Roberts was speaking at an FSA Board meeting in Aberdeen on the issue of compliance in the meat industry, following the publication of a paper on the issue by FSA director of operations Andrew Rhodes.
The paper provoked a passionate discussion after Roberts’ statement. However, the issue of how businesses are categorised was not the only sore point in the room, but rather the more serious subject of the number of carcases categorised as “contaminated” following an FSA audit.
The way the audit was carried out has aggravated industry organisations, including the Association of Independent Meat Suppliers (AIMS), the British Meat Processors Association (BMPA), the British Poultry Council (BPC), the National Federation of Meat & Food Traders (NFMT) and the Scottish Association of Meat Wholesalers (SAMW). In a joint statement, read at the meeting, they said: “The vast majority of GB meat plants continue to have serious concerns about the audit system, on which these compliance data are founded. We believe the existing audit system is flawed in a number of respects: its structure, the way compliance information is presented and its subjectivity.”
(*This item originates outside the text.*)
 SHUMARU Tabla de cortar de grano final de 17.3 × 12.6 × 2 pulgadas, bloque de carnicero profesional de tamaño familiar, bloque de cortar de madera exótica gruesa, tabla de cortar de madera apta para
The organisations also called for more independent oversight of the audit system to ensure it was “credible”.
Data in the report indicated that 34.5% of slaughterhouses in the UK were “not broadly compliant” with standards, while 3.8% were a “cause for concern”, following carcase inspections. However, meat business representatives have said the current audit system and the data found as a result are flawed.
They added: “The meat industry is committed to improving hygiene standards, but we believe the publication of this data, before reform of the audit system is completed, is unfortunate, and that the information contained in the executive’s paper should be treated with considerable caution.”
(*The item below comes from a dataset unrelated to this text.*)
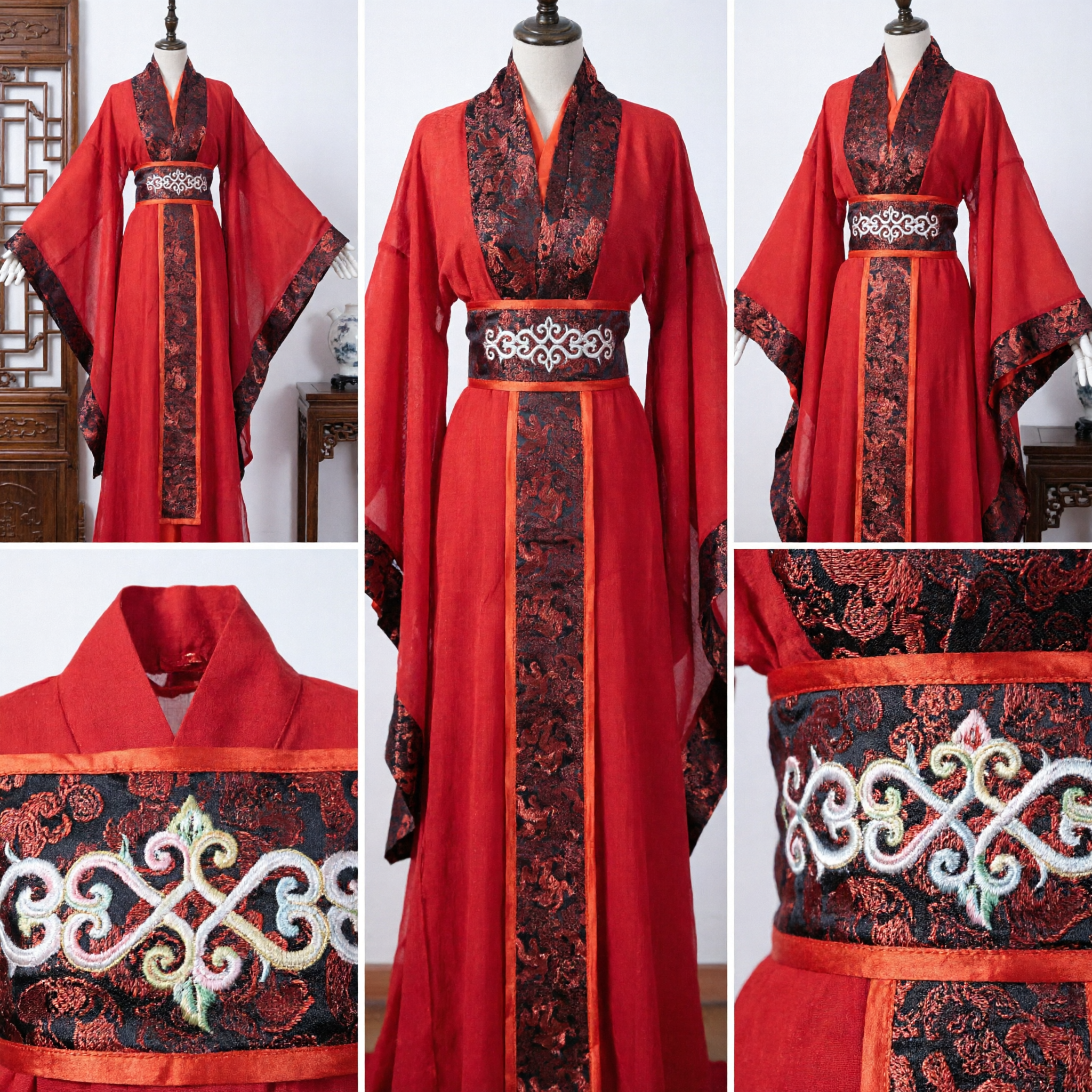 Women's Red Ancient Chinese Hanfu Dress Traditional Tang Dynasty Robe for Cosplay and Stage Performance - Asian Costume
This issue was echoed by Alan McNaughton, site director of Scottish meat business Portlethen, who, along with Roberts, was one of three industry guests on the board to help discuss the paper. He said the data was taken from carcases that were nowhere near the end of the line.
“Meat is not hitting the consumer in this form,” he claimed. “This is a measure taken at a point on the slaughter line before the spinal cord is removed.”
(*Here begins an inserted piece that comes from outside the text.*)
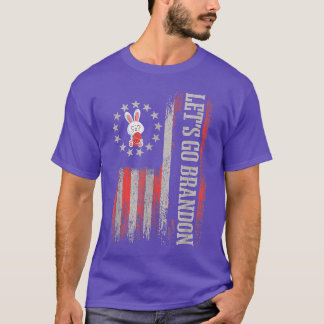 Let's Go Brandon Bunny Joe Biden Eggs USA Flag Eas T-Shirt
Countering the claim, Rhodes said: “In terms of the contamination discussed in this paper – this is a final inspection; this is the last point in the process when it is effectively going to be released to the consumer. This is the point where the business says to us, ‘this is ready’.”
Meanwhile, Roberts said: “We do have some genuine concerns about the audit and the time it is taking to do it. There’s almost a tone here that compliance is optional – and it is not optional.”
He said the FSA needed to be more robust in its handling of those businesses that were not compliant, as it reflected poorly on the whole industry.
Process manager Steve Moore, on the other hand, had grievance with the way large retailers treated companies complying with the rules and the law. “The big retailers take for granted that we comply with the law,” he said, adding that those smaller businesses not in compliance did not feel the threat of losing a big customer.